"Saya mendengar dari media, KPK mau melakukan penelitian. Jadi paralel saja, tugas pemerintah menyiapkan info data, kalau diperlukan," katanya saat ditemui di Kantor Menko Perekonomian, Jakarta, Rabu.
Sudirman mengatakan, terkait hasil audit Petral tersebut, Kementerian ESDM juga sudah berkoordinasi dengan BPKP untuk menganalisa laporan dan menghitung potensi kerugian penerimaan negara serta mencari aspek pelanggaran hukum dari kasus itu.
"Selain berkoordinasi dengan BPKP untuk menganalisis laporan dan potensi kerugian penerimaan, ada tim hukum yang mulai bekerja untuk melihat aspek-aspek apakah ada pelanggaran hukum atau tidak," ujarnya.
Sudirman mengharapkan kasus Petral ini tidak terjadi lagi di kemudian hari, dan upaya pembenahan harus dilakukan termasuk oleh Pertamina, agar tata kelola migas tidak lagi menimbulkan kerugian terhadap negara.
"Yang paling penting bagi kita supaya yang dulu tidak terulang, karena itu Pertamina harus berbenah, saya kira mereka sudah mulai melakukan pembenahan cukup banyak," katanya.
Sebelumnya, KPK sedang menelaah hasil audit forensik terhadap Petral yang dilakukan oleh auditor dari Australia, Kordamentha, serta audit dari BPK, untuk mencari potensi pelanggaran hukum dan kerugian negara.
Salah satu hasil temuan dari lembaga auditor Kordhamentha yang baru diumumkan tersebut adalah adanya jaringan mafia migas yang menguasai kontrak suplai minyak senilai 18 miliar dolar AS selama tiga tahun.
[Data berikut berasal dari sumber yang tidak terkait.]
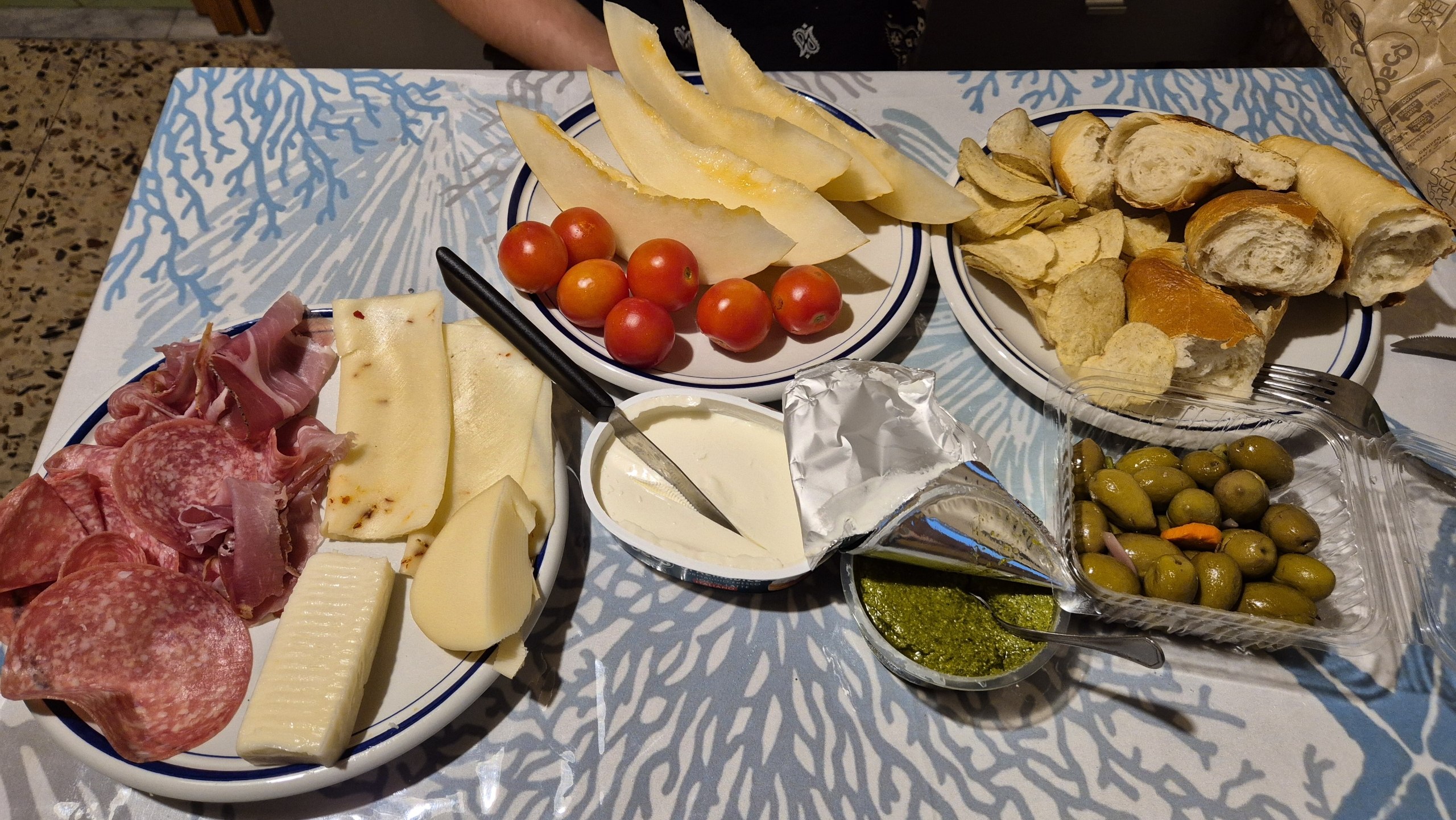 day52-platter-feast A platter of salami, prosciutto, cheese, tomatoes, olives, pesto and bread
Mafia tersebut diduga menguasai kontrak senilai enam miliar dolar AS per tahun atau sekitar 15 persen dari rata-rata impor minyak tahunan senilai 40 miliar dolar AS, sehingga Petral dan Pertamina tidak memperoleh harga optimal ketika melakukan pengadaan.
Petral sudah dibubarkan sejak 13 Mei 2015. Tugas Petral digantikan PT Pertamina Integrated Supply Chain (ISC Pertamina) sehingga diskon yang sebelumnya disandera pihak ketiga sudah kembali ke pemerintah dan perdagangan lebih transparan serta bebas.